*** Opening Data under study ***
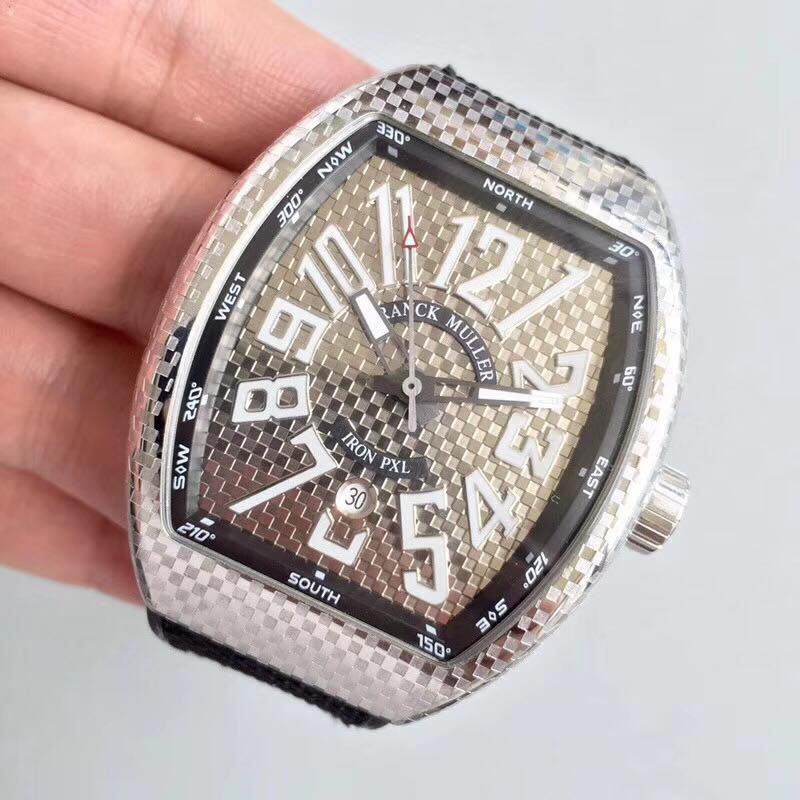 Đâu là địa chỉ uy tín bán đồng hồ Franck Muller Replica 1:1 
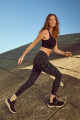 Pant print jagger Animal print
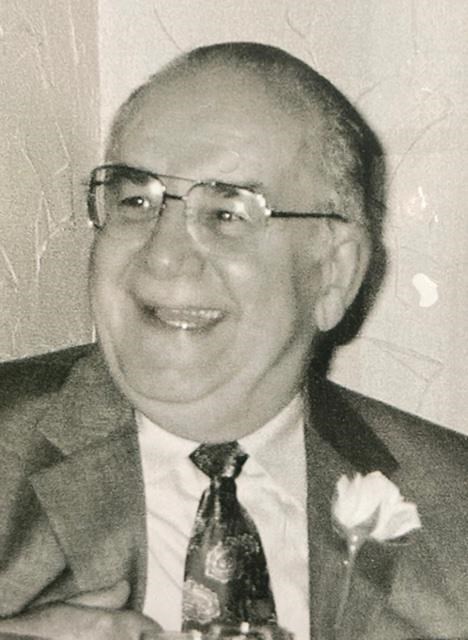 Obituary of Anthony P. Sarmento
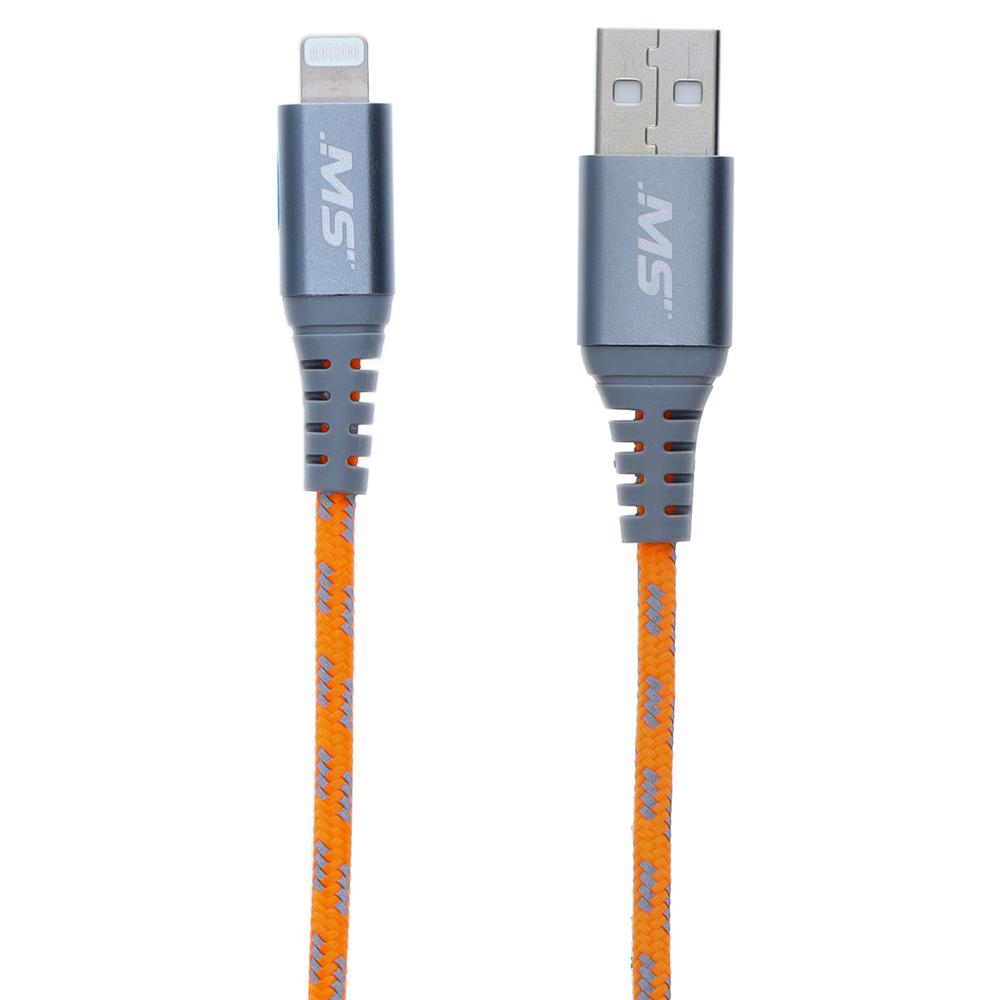 HiVis 4ft Lightning(R) to USB-A Cable  O. Picture 2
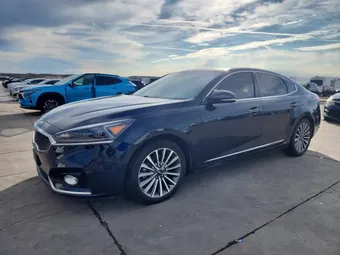 2017 Kia Cadenza KNALB4J14H5043029
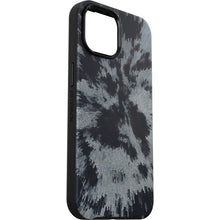 Load image into Gallery viewer, OtterBox Symmetry+ MagSafe iPhone 15 Standard 6.1 Case Burnout Sky Black/Grey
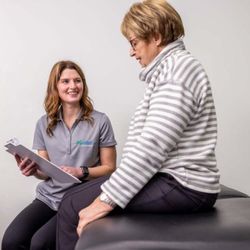 Ivy Rehab Physical Therapy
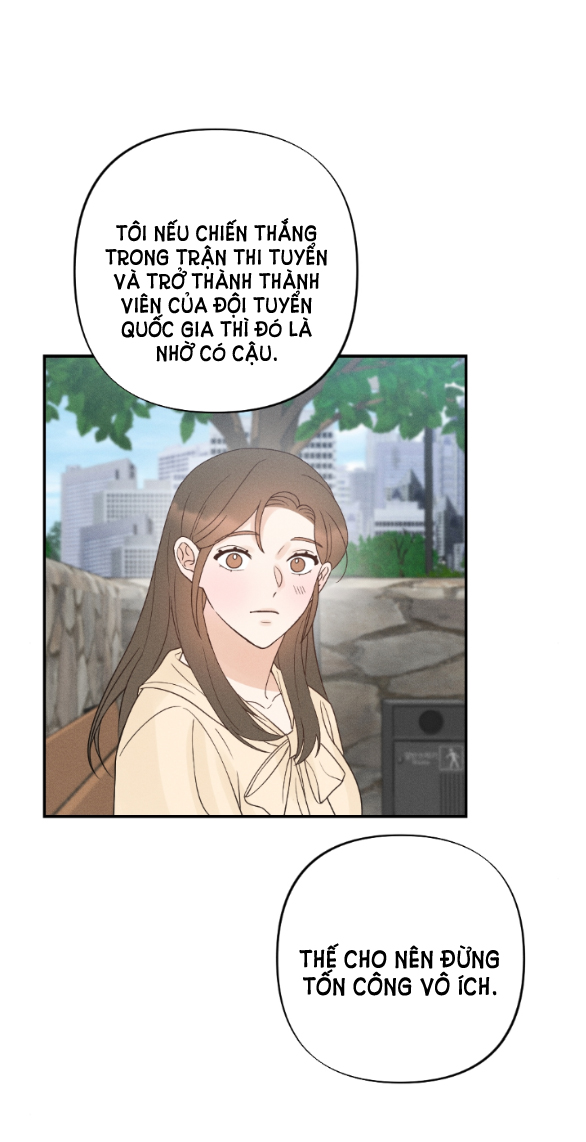 Mất Tư Cách Bạn Bè chapter 14.2 - Trang 25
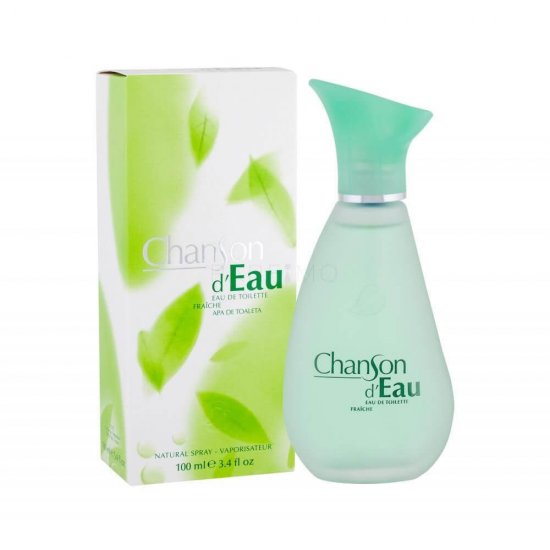 Apa de Toaleta Chanson D'Eau Original, 100 ml, CHANSON D'EAU Apa de Toaleta, Cosmetice pentru Femei, Produse de Ingrijirea Corpului Femei, CHANSON D'EAU Original pentru Femei, Produse de Corp pentru Femei, Parfumuri CHANSON D'EAU pentru Femei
*** Closing Data under study ***
◆ Exercise aim ◆
Look for the line that contains "Mất Tư Cách Bạn Bè chapter 14.2 - Trang 25", then please copy it and the rest of the lines through the end of the data, pictures excluded.

◆ Answer space ◆
 Mất Tư Cách Bạn Bè chapter 14.2 - Trang 25
 Apa de Toaleta Chanson D'Eau Original, 100 ml, CHANSON D'EAU Apa de Toaleta, Cosmetice pentru Femei, Produse de Ingrijirea Corpului Femei, CHANSON D'EAU Original pentru Femei, Produse de Corp pentru Femei, Parfumuri CHANSON D'EAU pentru Femei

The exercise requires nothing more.